I was away in the mountains for my first time for this year's memorial day. I had a hard day reconciling going out and having fun on a day that I should have been remembering the veterans that have fallen protecting and serving our country. Many of you who know me personally, know that I am not extremely patriotic, but that my research deals with America and how we grieve. I am patriotic in the sense that I love everything the United States stands for, but I am not proud of of the current state of government (which to me, makes me even more patriotic).
On Memorial Day, one of my favorite radio shows, To The Point, dedicated their show to a critical look at how memorial day came about, what memorial day means and how that meaning is shaped due to the current war. It is a very moving, smart and fair look at what Memorial Day means for us, a public torn between political views on the Iraq war and the value of human life.
One of the commentators (from Shreveport, ironically), Michael Sledge, mentions that in America we have lost national grieving, that is public grieving. I disagree slightly, as I believe we miss regular, healthy, productive and active public grieving.
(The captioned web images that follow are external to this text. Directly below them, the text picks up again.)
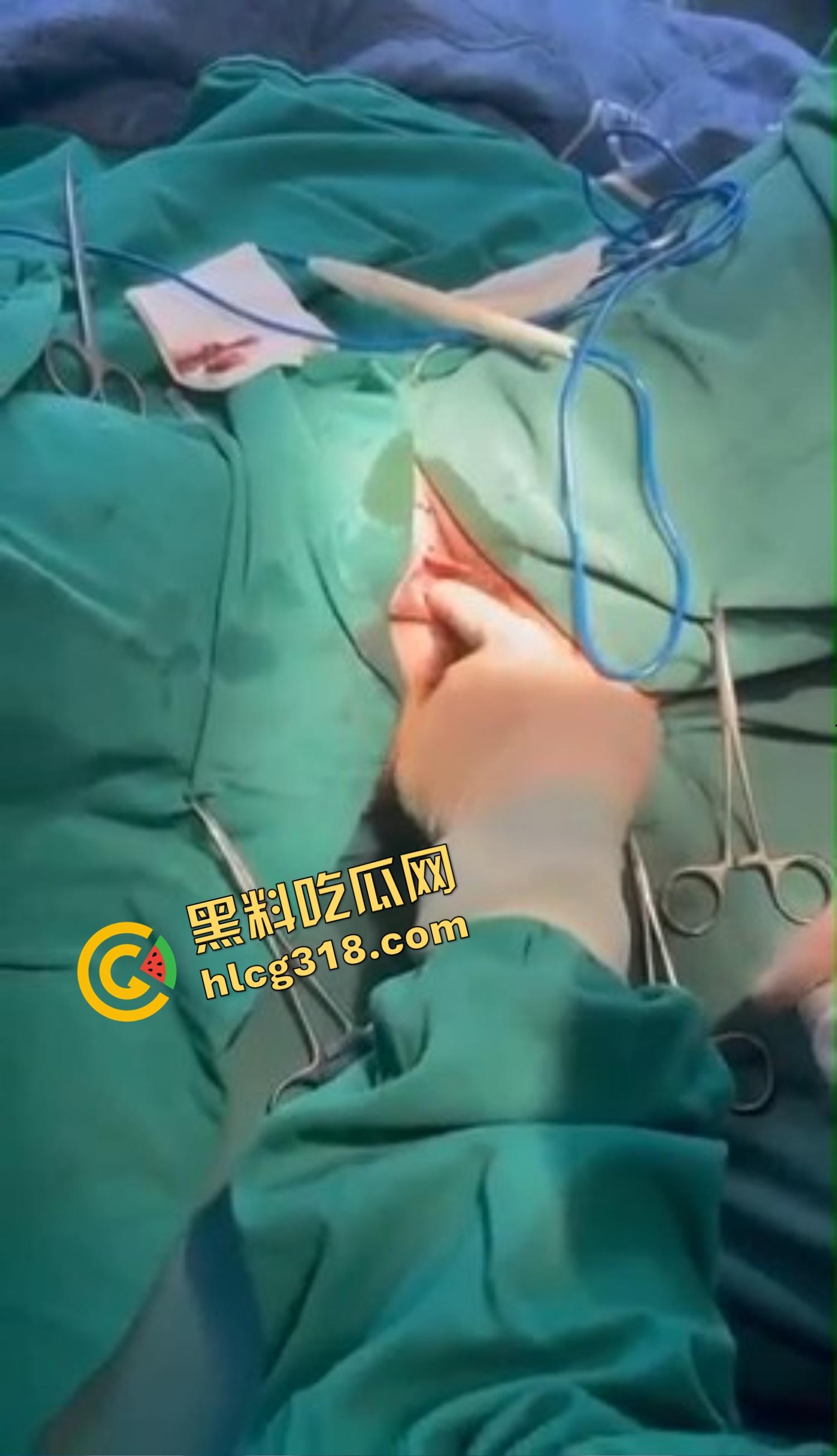 你还以为高端外围豪车天生紧？全靠阴道收缩术收成死夹货，富哥上手就说一根手指进去都得抹油！-7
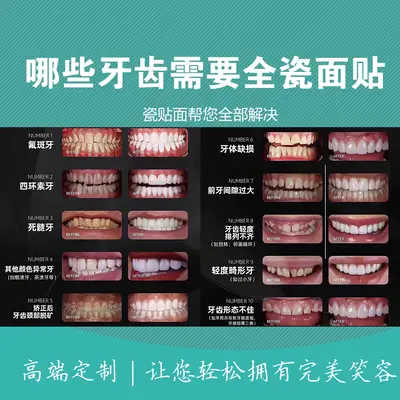 Yiohjia All-Ceramic Dental Veneer Porcelain Laminate, Blue Ceramic, Amber Ceramic, Lingxi Ceramic, Handmade Porcelain, Fluorosis Teeth Whitening Teeth - 3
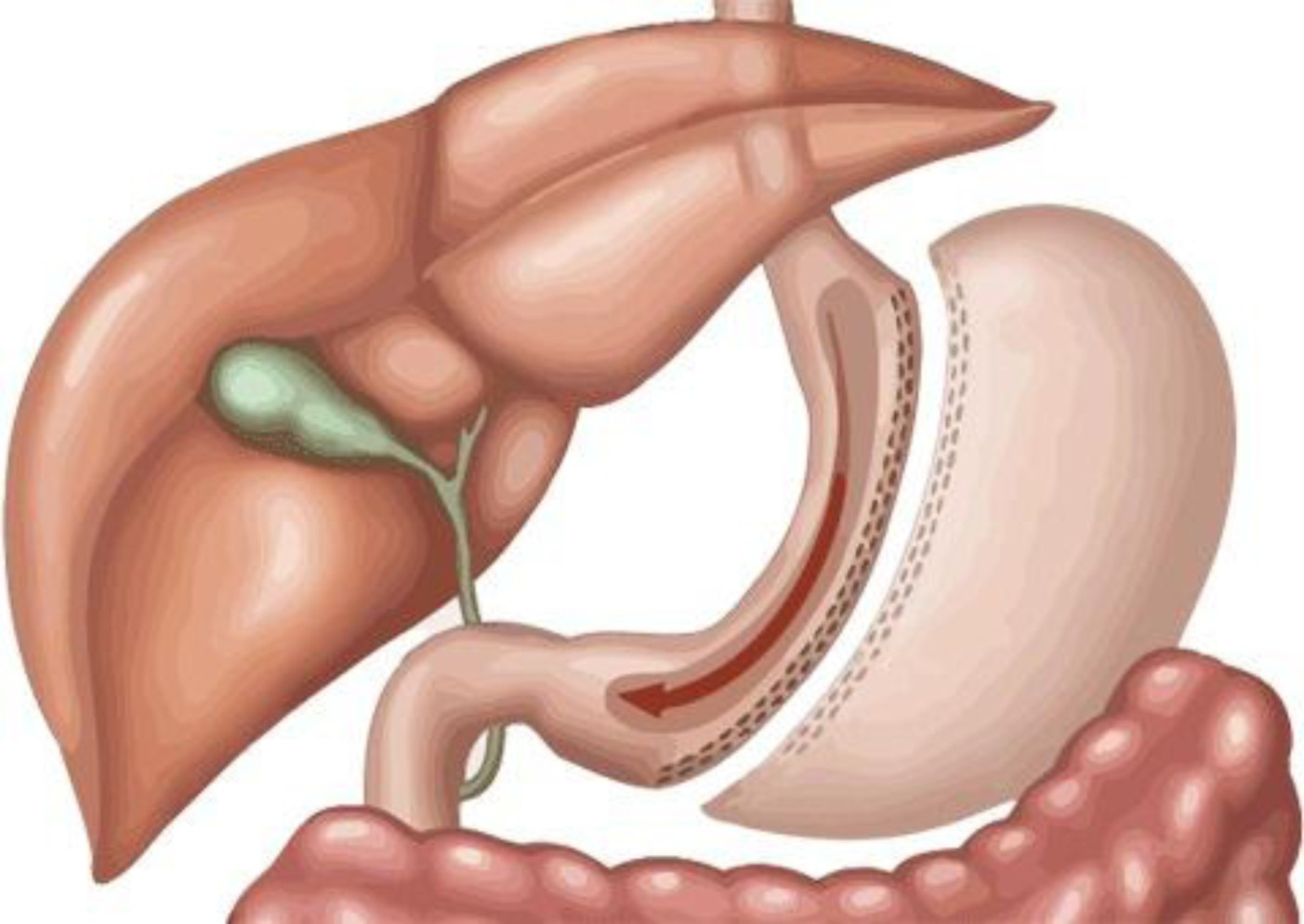 ung thư dạ dày có nên mổ không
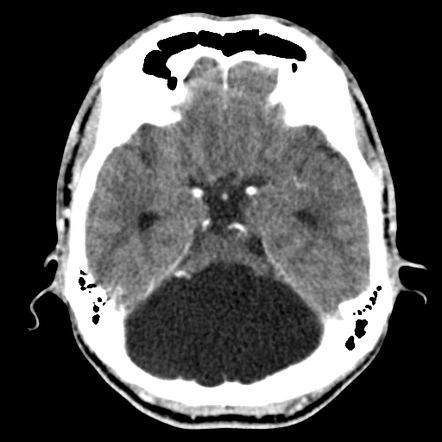 Radiopaedia.org, the peer-reviewed collaborative radiology resource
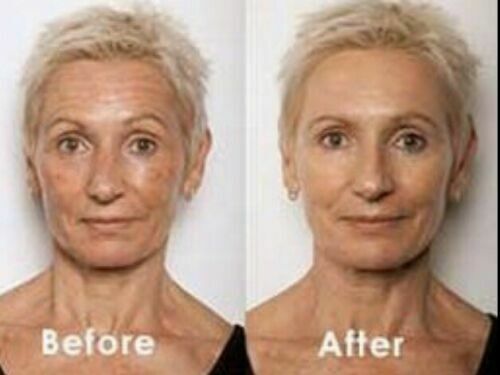 Split face view: before and after applying retinol gel-cream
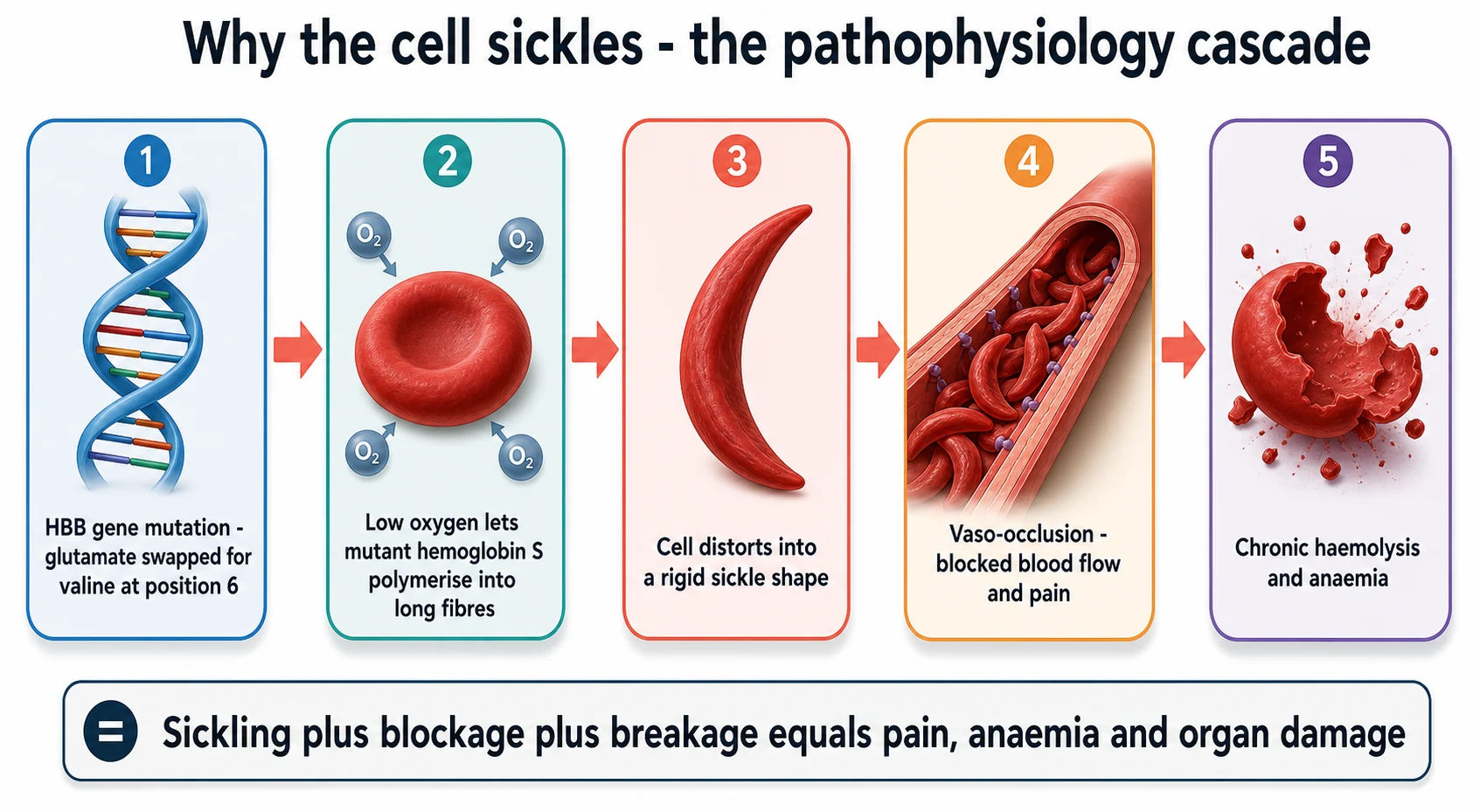 A clean scientific causal schematic on a white background. Five connected boxes flow left to right, joined by coral arrows. Box one shows an HBB gene mutation with the caption glutamate swapped for valine at position six. Box two shows a deoxygenated red cell with the caption low oxygen lets mutant haemoglobin S polymerise into long fibres. Box three shows a crescent banana-shaped sickled red cell with the caption the cell distorts into a rigid sickle shape. Box four shows a blocked blood vessel with the caption vaso-occlusion, blocked blood flow and pain. Box five shows a bursting red cell with the caption chronic haemolysis and anaemia. A summary bar reads sickling plus blockage plus breakage equals pain, anaemia and organ damage.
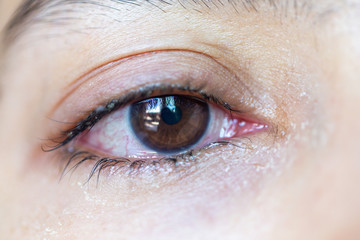 Fototapeta premium Closeup of irritated red eye of a patient with human conjunctivitis or infected red bloodshot eye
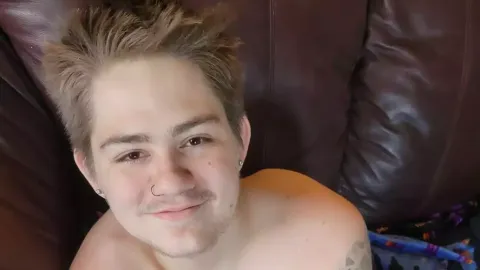 Jovem cortado ao meio por empilhadeira compartilhou foto imp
As I discussed in my master's thesis, spontaneous shrines for example, are very public methods of grieving that respond to public tragedy by becoming an amalgamation of private meanings. Immediately after a tragedy, the public creates these metatexts, but often these sites and tragedies don't retain their monumentality long term. The solution I think, is to build memorials that can reflect current collective memory of tragedies and can be responsive to the public needs. Unfortunately, our typical methods of materializations don't foster healthy remembrance, much like how Memorial Day has become a day for barbeques, and in my case, escapism to the mountains.
I could probably go on and on about why dedicating days to the memory of public tragedies and public figures doesn't work, but for the sake of brevity, please listen to the Memorial Day edition of To The Point.